When they asked the survey pool to describe five more perks or benefits that would increase their engagement, they expressed benefits related to increasing their quality of life.
What is missing from these lists? Obviously, there is a set of perks and benefits that impact an employees engagement at work, but as you can see, the excessive focus on creating new and exciting incentives and experiences at work are not having a positive impact on engagement.
In fact, some authors such as Jason Fried who wrote: “Work doesn’t have to be Crazy”, “Rework” and “Remote” states that these perks and benefits actually have a negative effect on engagement and productivity.
“Once you examine these [perks], they look a little less like benefits and more like hooks,” says Fried’s co-author, David Heinemeier Hansson. “It’s not that ping-pong tables aren’t nice in an abstract way, but they can also wreak havoc on everyone else in the office’s ability to get things done.”
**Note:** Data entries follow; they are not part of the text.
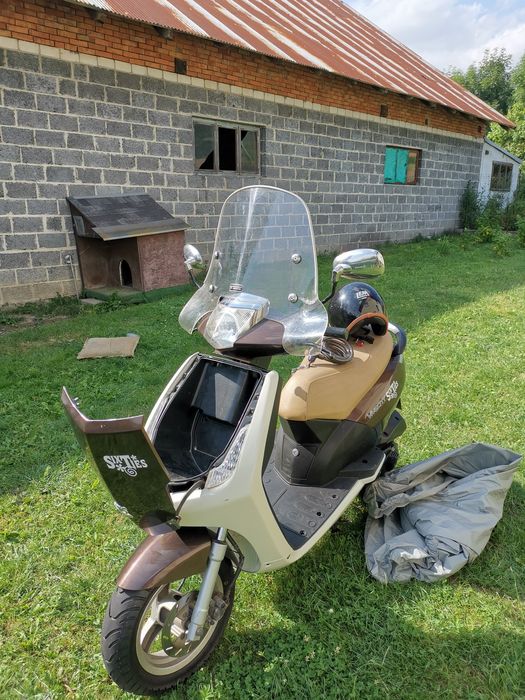 Peugeot Vivacity  4t oryginalny 50 cm3 Nowe opony...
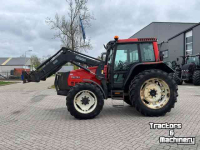 Tractor Valtra 6650 Hitech voorlader, vloeistokoppeling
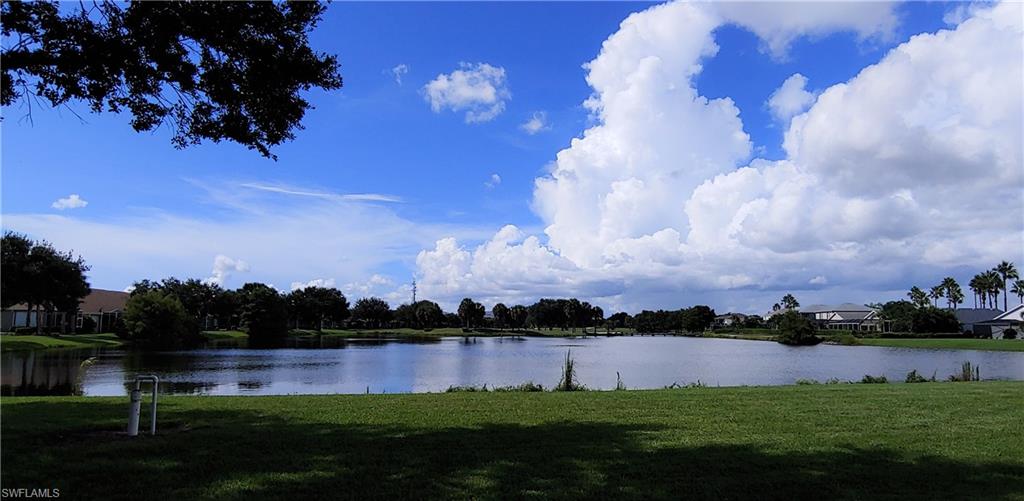 STONEYBROOK - Residential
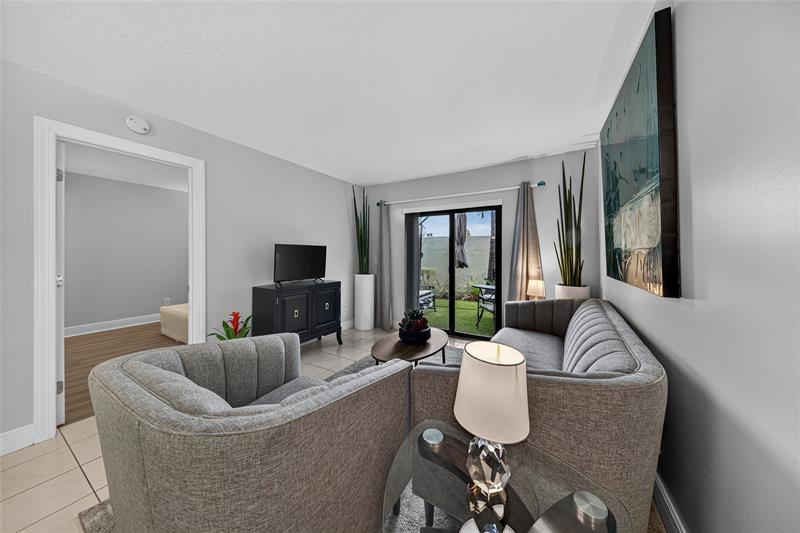 Image 5 of 39 For 2920 8th Ter  103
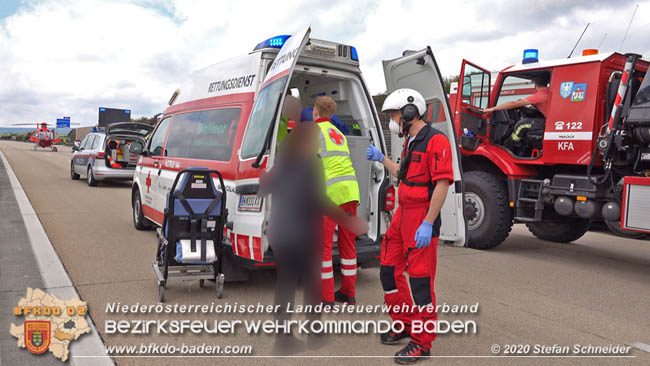 20200611 Verkehrsunfall mit 8 Verletzten auf der A2 bei Kottingbrunn RFB Süd   Foto: © Stefan Schneider BFK Baden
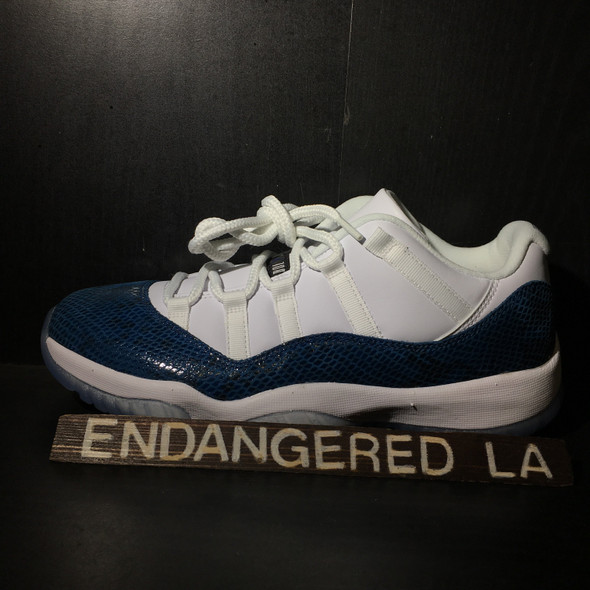 Air Jordan 11 Low Snakeskin Navy Sz 10.5 (#18329) Air Jordan 11 Low Snakeskin Navy Sz 10.5 (#18329)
He goes on to discuss that when an individual works in an environment that provides for everything you need, there is actually less balance between the personal and professional aspects of work.
“There is no line you can draw between free kombucha and people’s satisfaction in their job,” he says. “If the reason you’re attracted to your employer is that they have free cupcakes, there are a bunch more cultural issues you have to unpack.”
The data is clear that you cannot simply fix issues of disengagement by providing excessive perks and benefits. So what are the best practices for creating a package of perks and benefits that maximizes engagement?
1. Prioritize the benefits that matter most – Pay attention to the Gallup data and other sources that rank the most important benefits to focus on. Prioritize providing benefits that fall into two major buckets: providing for employees basic needs and benefits that help to create a higher quality of life.
2. Listen to your people – Get yourself and your team into a regular cycle of measuring and discussing the level of engagement across your organization. You may discover that there are much bigger issues to be solved than creating new benefit programs.
3. Be Thoughtful – As we will discuss in later posts, all of us desire to make our highest and best contribution at work. Many of the excessive perks and benefits that companies employ actually create more involuntary distractions that take people away from having time to do meaningful work. Remember, that simply having “fun” at work is not what makes a highly engaged workforce. Be thoughtful about how potential new perks and benefits may affect your whole team.
It is clear that if we are going to truly understand the challenge of engagement in the workforce, we are going to have to look much deeper than generational differences, stop point fingers at our HR departments, recognize that all positions across an organization are at risk of disengagement, and that we cannot simply fix the problem by proving an excessive amount of perks and benefits.